For the analysis, I broke down actions for Question 1 and Question 3 for all participants. Here is what I found:
With these three findings, it can be empirically concluded as to how much better a perceptual user interface is when compared to a traditional one in a specific setting. However, in this experiment, the error rate was 0% which is definitely not realistic for a computer vision based interface operating in a complex social environment. A follow-up to this research could be to look at a similar testing model in complex social environments, with different kinds of people using the interface.

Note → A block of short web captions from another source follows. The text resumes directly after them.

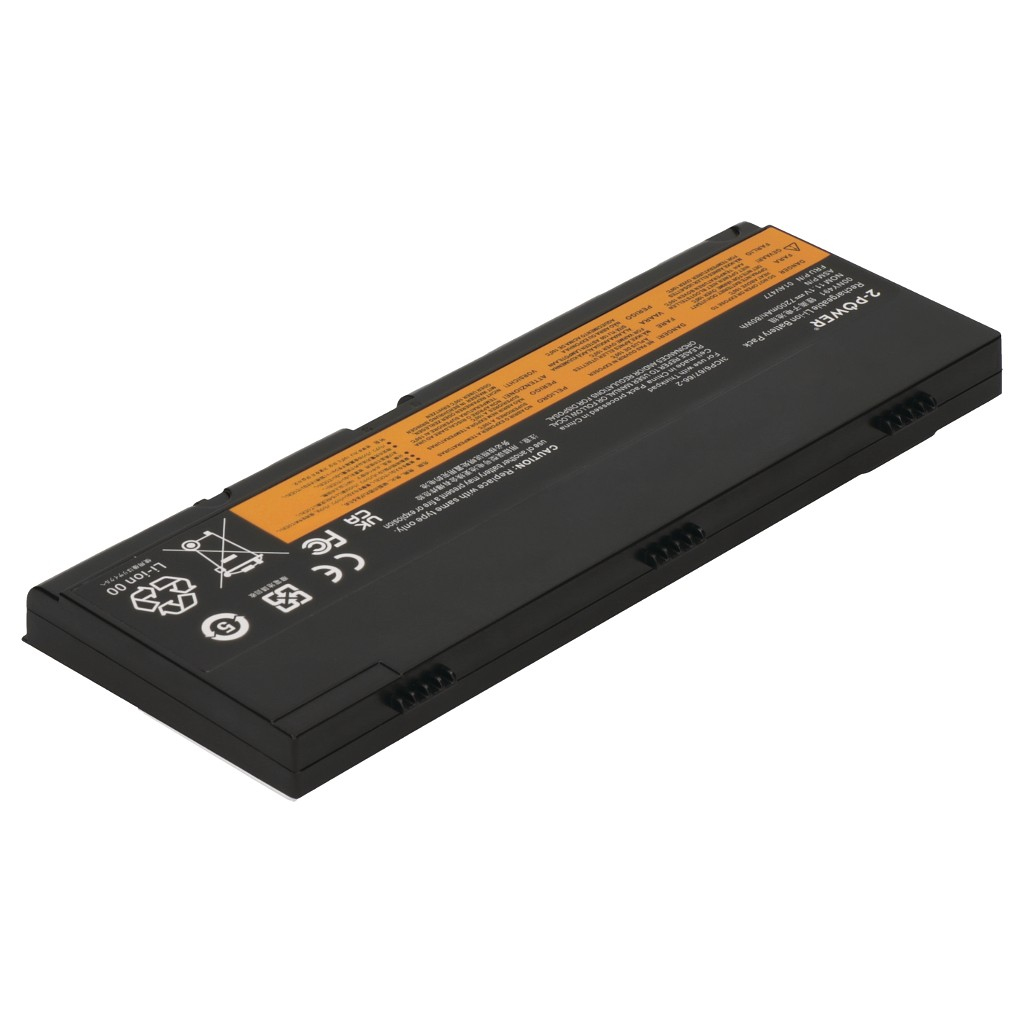 2-Power 2-Power Laptop Spare Parts - Black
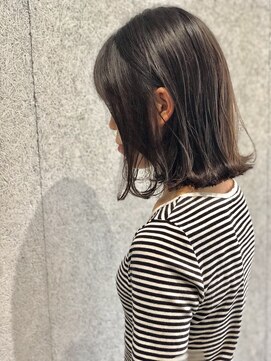 フェリーザ 船橋店(FELIZA) 外ハネx切りっぱなし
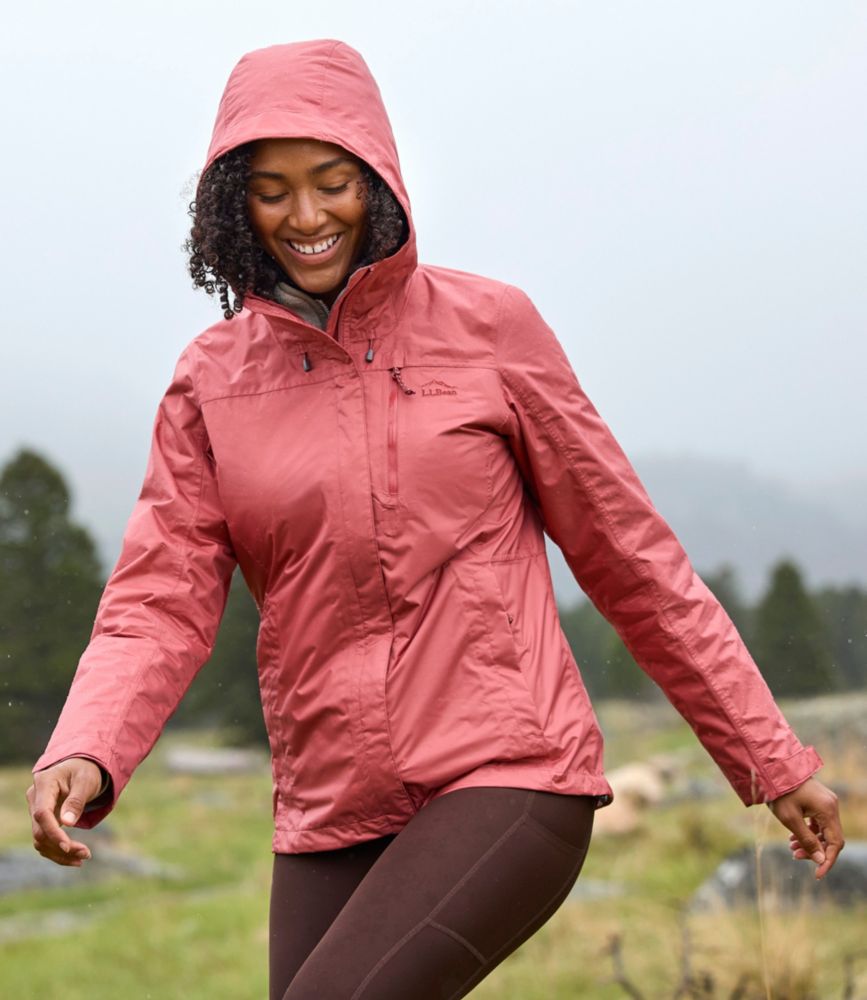 Women's Trail Model Rain Jacket
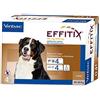 Effitix VPERP Effitix Spot-On Très Grand Chien (40-60 kg) - 4 pipettes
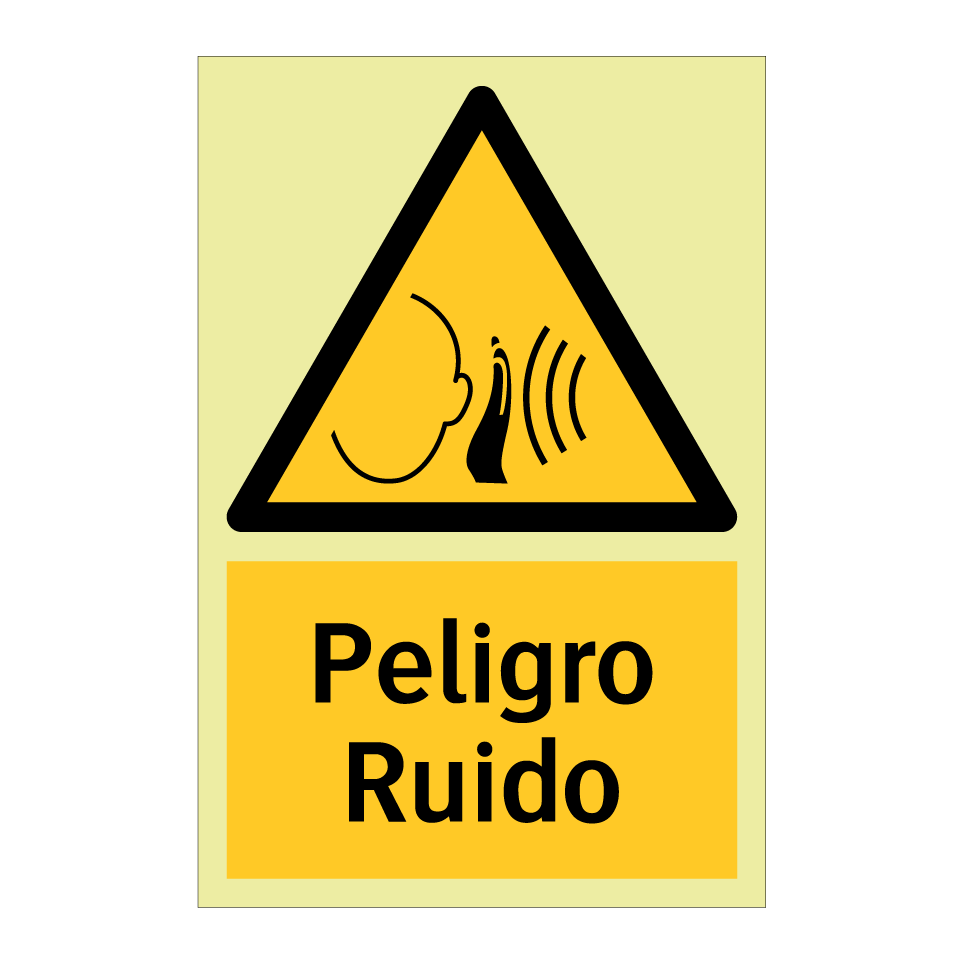 Peligro Ruido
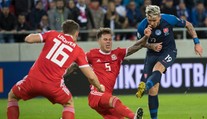Slovensko by mal po San Maríne pred Eurom preveriť lepší súper. Dnes však remizoval s Gibraltárom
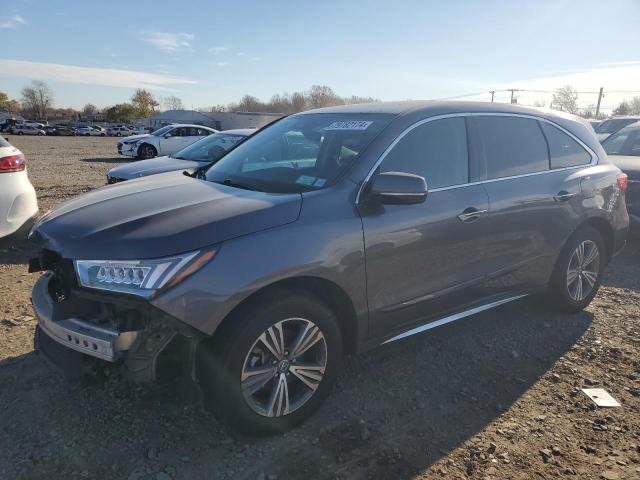 acura mdx 2019 5j8yd4h33kl001627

My major reflection through this project is better articulated by Neri Oxman in her essay, Age of Entanglement. As interface and experience designers, we often tend to differentiate between domains of engineering and design forgetting that the confluence of them can be so much more powerful. Working in isolation to push technology on one side and design on the other is, in my opinion, a delimiter of potential power.
Through the activity of writing a 4000-word paper, I found great confidence in the taught ability to assimilate large amounts of information, analyse and critically dissect patterns which can then be articulated through specific mediums. The ingraining of the Double-Diamond model, first introduced in my first year, has found its way into everything I do and it was the same for this project as well. I observed peers get lost in the sea of information and when they asked me for help, my solutions often revolved around instructing them to use some form of the double-diamond model (adapted to their specific context).
The most important reflection for other students is this one. If you’re someone who is cultivating ideas with passion that is not quite reciprocated in your immediate environment, I know how it feels. During parts of my project, I felt at a loss of directed guidance as no one in my college shared a similar passion for HCI whereas typical areas of graphic design and “UI/UX” were discussed all the time. However, every single person I interacted with, even if they were not remotely interested in my field of study, contributed to my project. Yes, you might not get exactly what you’re looking for but there’s something everybody can offer using their own experiences, knowledge and passion. Knowledge exists around you in forms that you sometimes hesitate to accept. Embracing this acceptance can make you feel not-so-lost. And hey, you have books and the wonderful internet bringing you to a level playing field with everyone else in the world. So, don’t hesitate. Ideate and make fearlessly, but with passion.
I acknowledge the efforts of my mentors: Prachi Mittal & Suman Bhandary; as well as my peers: Nikhil Shankar, Pratishtha Purwar, Muskan Gupta, Alina Khatri, Atreyo Roy, Kriti Agarwal, Navya Baranwal, Harshvardhan Srivastava in helping me shape the contents of my argument. The librarians, Natesh & Paramjit, were also instrumental in helping me find suitable resources to write my paper.
I’d also like to acknowledge the sessions with Shyam Attreya during his final year at IIAD without which I probably wouldn’t have had the starting thought in the first place.
The last bit of gratitude goes out to the efforts of Daniel Shiffman, the Processing team and Peter Abeles for their respective contributions to open-source software and the propagation of related knowledge without which all of this would have remained an untestable hypothesis.